* [What you need to do]
Nothing outside the range is to be copied. From the entries below, reproduce exactly the lines starting at the one with "Спортсмен-инвалид в инвалидной" and ending at the one with "Elegant gold hollow", without pictures.

* [Provided data]
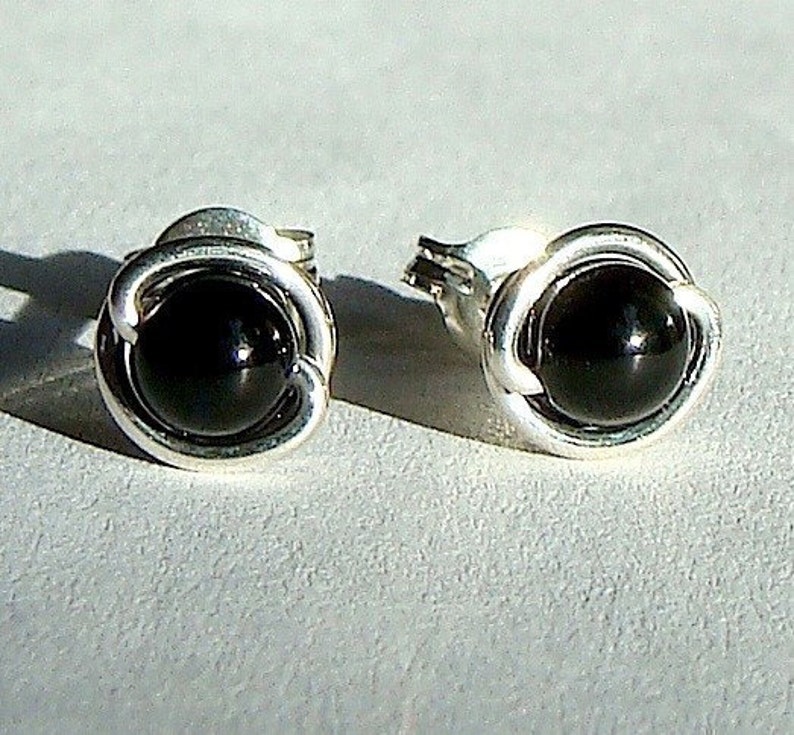 May include: A pair of silver stud earrings, each featuring a glossy black, round gemstone. The gemstones are set within a decorative, swirling silver frame. The earrings are displayed on a light gray surface.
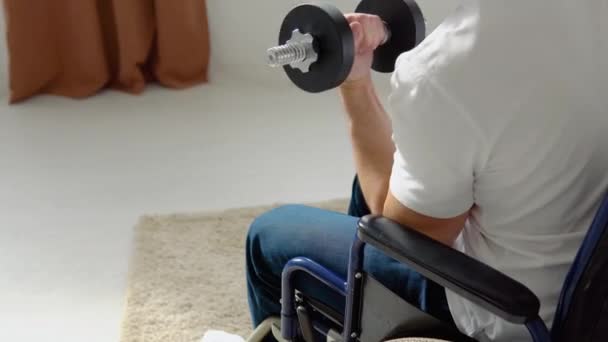 Спортсмен-инвалид в инвалидной коляске выполняет упражнения с зонтиками, домашней тренировкой и физической активностью — стоковое видео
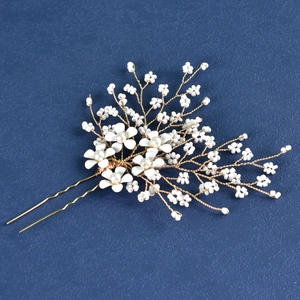 Detail of bridal hair pin with golden wire branches, white flowers and small pearls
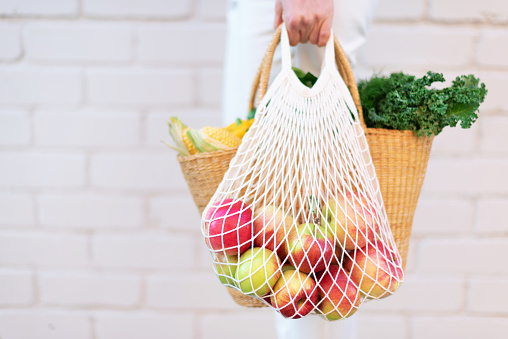 Girl holding mesh shopping bag full of apples and straw bag with organic vegetables, brick background. Zero waste, plastic free concept. Sustainable lifestyle. Copy space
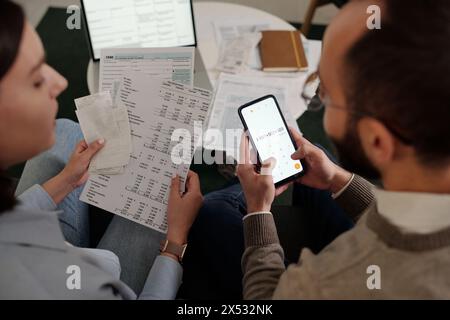 High angle of young couple sitting by table and discussing sums in financial documents while man with smartphone making calculations Stock Photo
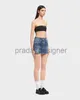 تنانير للسيدات مصممة الصيف تنانير 2024SS Spring New P Metal Triangle Decoration Denim Skirt Women's High Weist Slim Wrap Hip Short Short Emprositile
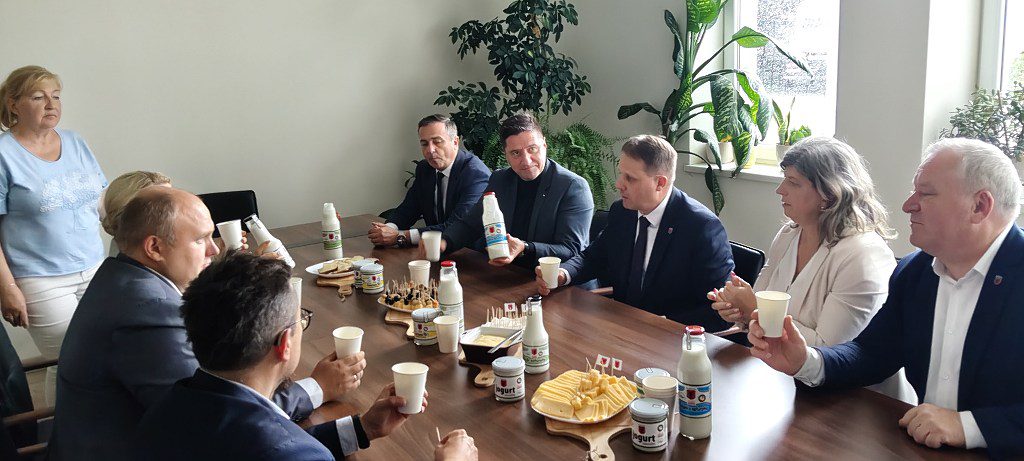 Spotkanie przy stole konferencyjnym z produktami mlecznymi; jeden z mężczyzn prezentuje butelkę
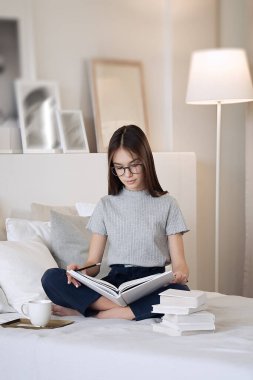                                Evde kitap okuyup ödevlerini yapan tatlı bir genç kız. Eğitim, çocuklar ve okul konsepti, uzaklık eğitimi, öz eğitim  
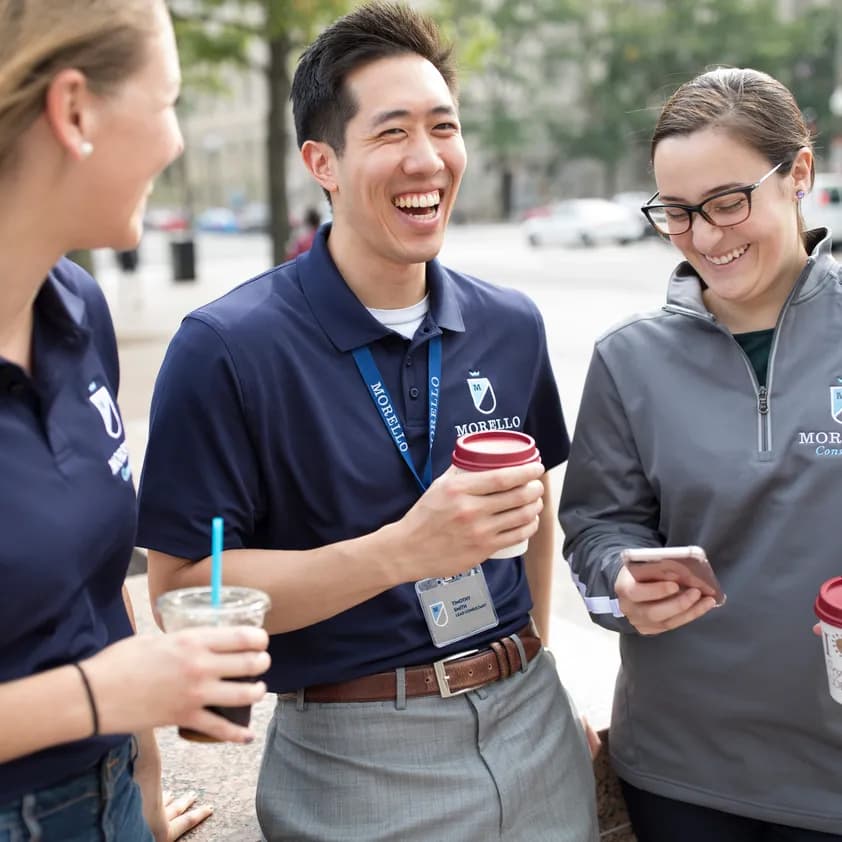 consultants wearing professional-looking uniforms and quarter zips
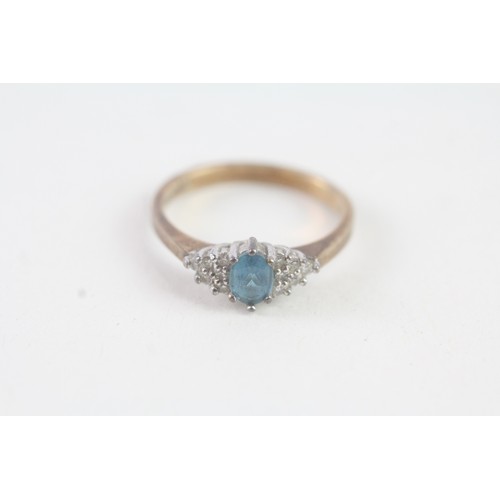 141 - A 9CT GOLD BLUE TOPAZ AND DIAMOND DRESS RING Weight: 2.4 gms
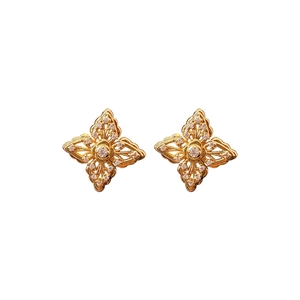 Elegant gold hollow flower stud earrings with zircon crystals on a clean white background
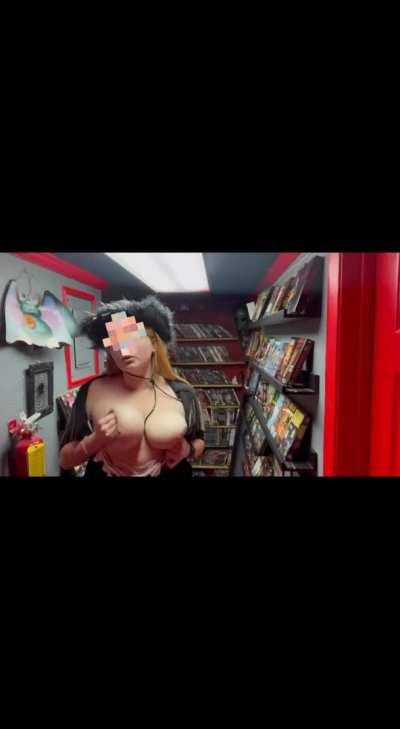 Perverse cowgirl gone wild in a video store [gif]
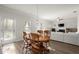 Kitchen dining area features a wooden table set and connects to the living room, creating an inviting space at 1511 Arica Ave, Lawrenceville, GA 30043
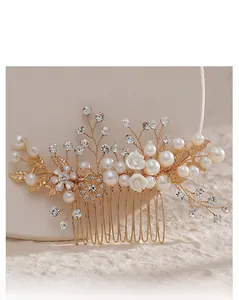 Detailed close-up of golden bridal hair comb with pearls and rhinestones on stone base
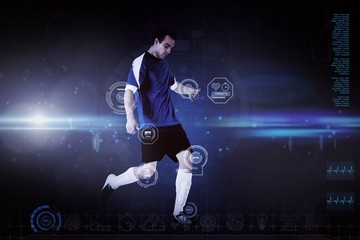 Wall Mural - Composite image of football player in blue kicking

* [Answer box]
 Спортсмен-инвалид в инвалидной коляске выполняет упражнения с зонтиками, домашней тренировкой и физической активностью — стоковое видео
 Detail of bridal hair pin with golden wire branches, white flowers and small pearls
 Girl holding mesh shopping bag full of apples and straw bag with organic vegetables, brick background. Zero waste, plastic free concept. Sustainable lifestyle. Copy space
 High angle of young couple sitting by table and discussing sums in financial documents while man with smartphone making calculations Stock Photo
 تنانير للسيدات مصممة الصيف تنانير 2024SS Spring New P Metal Triangle Decoration Denim Skirt Women's High Weist Slim Wrap Hip Short Short Emprositile
 Spotkanie przy stole konferencyjnym z produktami mlecznymi; jeden z mężczyzn prezentuje butelkę
                                Evde kitap okuyup ödevlerini yapan tatlı bir genç kız. Eğitim, çocuklar ve okul konsepti, uzaklık eğitimi, öz eğitim  
 consultants wearing professional-looking uniforms and quarter zips
 141 - A 9CT GOLD BLUE TOPAZ AND DIAMOND DRESS RING Weight: 2.4 gms
 Elegant gold hollow flower stud earrings with zircon crystals on a clean white background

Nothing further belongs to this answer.